Saat ini saya berada dalam ruangan ber AC,
full music, dan tentunya damai bukan karena semua fasilitas yang ada, namun
kondisi ruhiyah yang begitu sejuk tempat ini bernama ‘Studio Persada’ di
perkampungan heterogen Semanggi. Apa yang saya rasakan disini sungguh jauh
berbeda dengan apa yang saya alami beberapa hari lalu di jalan. Panas, debu,
bising suara klakson seperti berada di pelataran Afrika.
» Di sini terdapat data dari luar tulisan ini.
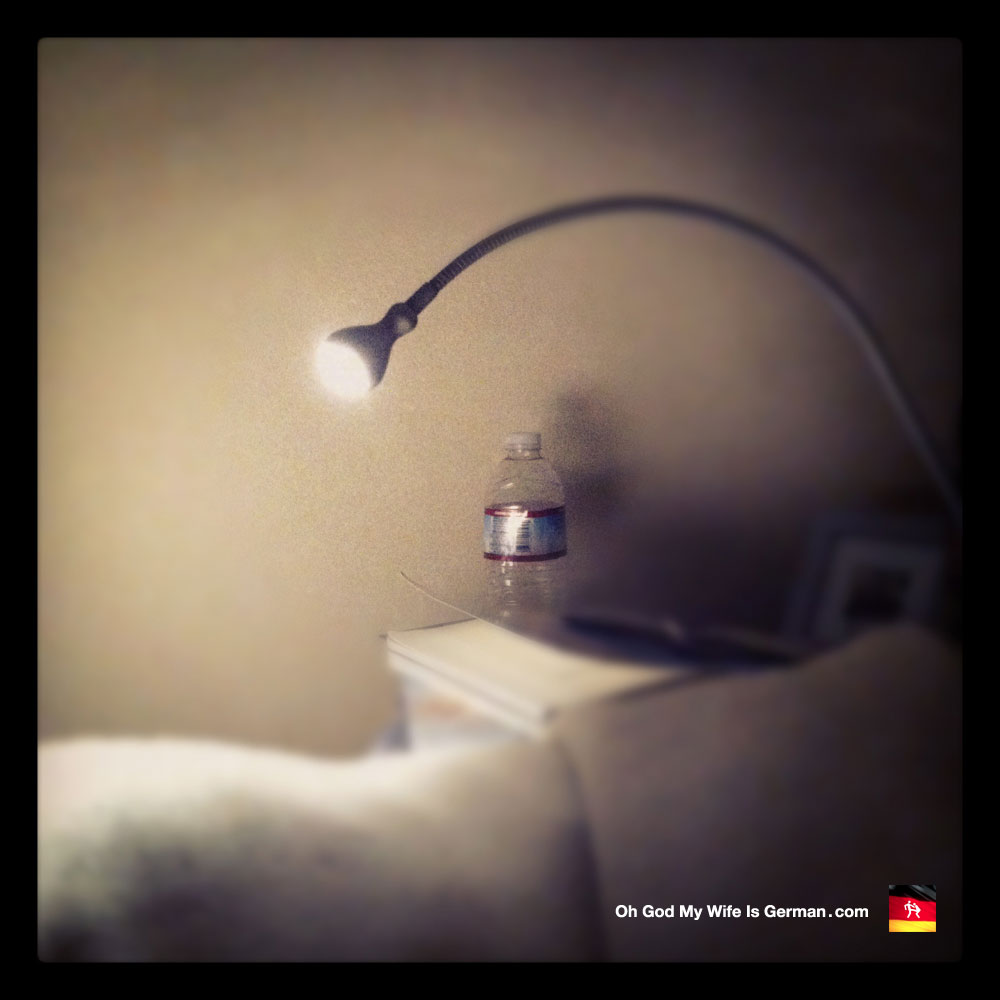 Bedroom reading lamp from Ikea and a water bottle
Saat itu saya sedang
berburu dengan waktu, menghadiri persentasi kepemudaan adalah tujuan saya,
namun naas tak dapat ditampik. Emm..bukan naas sebenarnya, lebih tepatnya ujian
kesabaran tak dapat dihindari.
Jam 16.00 saya putuskan untuk berangkat.
Sisa-sisa jilatan matahari masih dapat saya rasakan dari aroma Sahara yang
khas. Berharap tak akan terlambat, saya pastikan mengendarai motor dengan
kecepatan lumayan tinggi namun tetap waspada. Pemandangan yang cukup
mengejutkan ketika dihadapkan antrian kendaraan yang mengular puluhan meter.
Tak ingin tertinggal berita, tanpa sengaja saya mendengar seorang pengendara
menyebut-nyebut SBC (Solo Batik Carnival). Aha…ini rupanya yang jadi biang
keladi. Pesta rakyat Surakarta ini bukan point utama sebenarnya, yang menjadi
masalah adalah pengendara atau komsumen transportasi yang tidak sabar dengan
keadaan. Saya percaya bahwa banyak dari mereka atau sebagian besar para
pengendara bukanlah kaum papa dan marjinal yang tidak paham dengan navigasi dan
rambu-rambu lalu lintas. Anak SD pun paham jika lampu merah berarti berhenti,
kuning tana peringatan dan hijau berarti diperbolehkan untuk melaju. Bahkan
rambu-rambu ini merupakan sebuah hasil konvensi yang dilaksanakan di Winna
Austria pada 1968 silam. Oleh karenanya tidak ada alasan untuk tidak paham dan
mengerti, yang ada hanyalah alibi tak melihat rambu-rambu khususnya dalam kasus
lampu merah yang saya alami beberapa hari lalu.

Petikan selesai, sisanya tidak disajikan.